= What you are asked to do =
Transcribe the listing verbatim, please, with images dropped.

= Supplied material =

=== Section Start ===

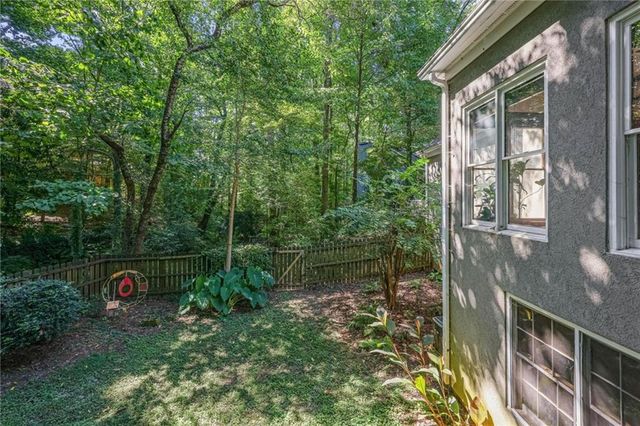 1024 Derby Run NW, Marietta, GA 30064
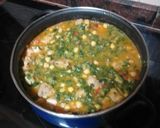 Foto del paso 7 de la receta: Guiso de garbanzos con secreto ibérico y espinacas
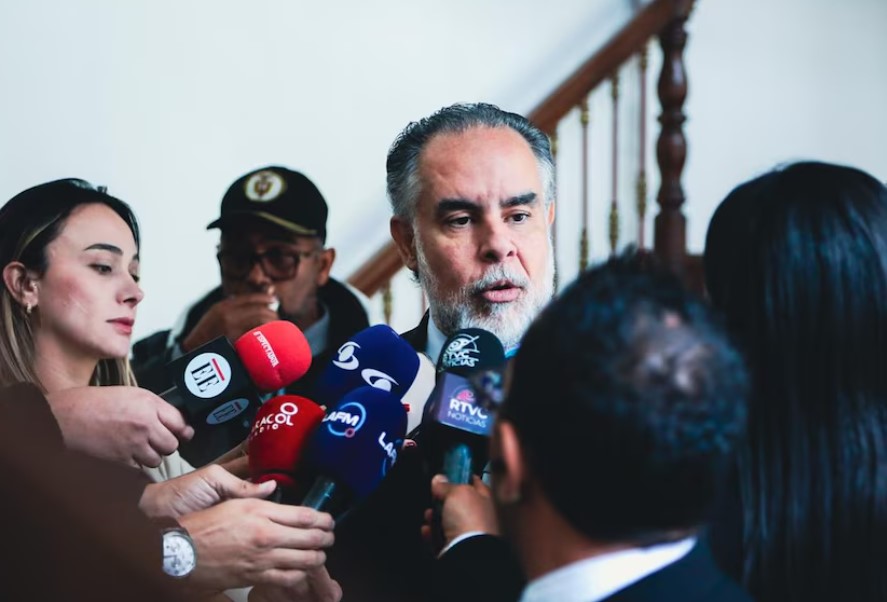 Ministro colombiano plantea ir a la Haya por isla Santa Rosa: “Si no se pondría bien feo”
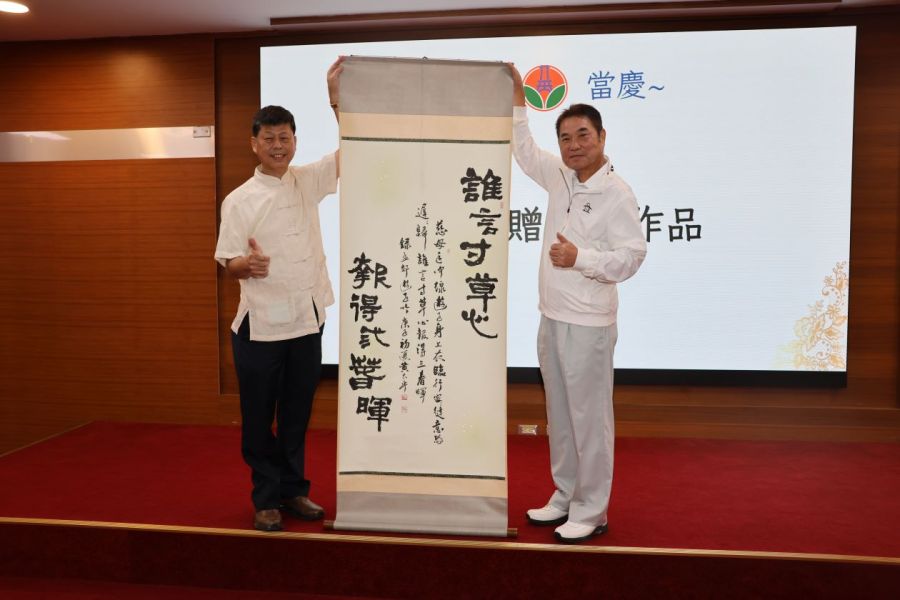 榮獲日本特別賞三連霸！鍾東錦頒獎表揚書法名家黃太平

=== Section End ===

= Exercise response =
 1024 Derby Run NW, Marietta, GA 30064
 Foto del paso 7 de la receta: Guiso de garbanzos con secreto ibérico y espinacas
 Ministro colombiano plantea ir a la Haya por isla Santa Rosa: “Si no se pondría bien feo”
 榮獲日本特別賞三連霸！鍾東錦頒獎表揚書法名家黃太平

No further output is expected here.